Fashion retailer Deacons targets middle class for regional expansion

Deacons chief executive Muchiri Wahome. PHOTO | FILE

What you need to know:

  • Deacons has set a target to have 60 outlets across East Africa by 2020 from the 38 it operates currently.

Fashion retail chain Deacons is targeting middle class shoppers in large towns outside Nairobi as it looks to double revenue to Sh6 billion in the next four years.
The retailer, which lists by introduction Tuesday on the Nairobi Securities Exchange, counts only one outlet outside of Nairobi on its Kenyan portfolio— the Mr Price shop at Nyali Plaza in Mombasa.

The retailer has set a target to have 60 outlets across East Africa by 2020 from the 38 it operates currently in order to hit the revenue target, with the chief executive officer Muchiri Wahome saying they will look to open four or five new stores per year.

“We have only got one store in Mombasa, we think that city can take two more brands or branches,” said Mr Wahome.

“There is also opportunity within the other bigger county headquarters that are showing aggressive commercial interest both from a property development and consumerisation perspective, such as Kisumu, Nakuru, Eldoret, Meru, and Kisii. We are in negotiations with various parties in these towns.”

Deacons also has three stores in Uganda and two in Rwanda, although it exited Tanzania in 2012 citing a tough operating environment.

The company will be targeting new malls in these urban centres for its branches, which include Mr Price, Mr Price Home, Truworths, Adidas, Angelo, 4u2, Identity and Bossini.

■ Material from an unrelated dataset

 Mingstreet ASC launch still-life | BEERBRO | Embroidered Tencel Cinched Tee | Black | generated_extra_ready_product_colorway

These branches stock male and female clothes, footwear and accessories, home textiles, kitchenware, sports apparel, fitness equipment and baby products.

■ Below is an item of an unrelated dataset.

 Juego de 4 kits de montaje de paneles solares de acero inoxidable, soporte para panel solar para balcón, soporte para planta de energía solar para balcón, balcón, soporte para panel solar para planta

Rising sales in new branches last year helped Deacons record revenue of Sh2.83 billion in 2015, which resulted in a net profit increase of 73 per cent to Sh100.5 million compared to Sh58 million in 2014.

The expansion is to be financed mainly through debt, which as a result of the 2015 expansion had ballooned to Sh655 million at the end of the year. It has paid down the debt this year cutting it to Sh300 million.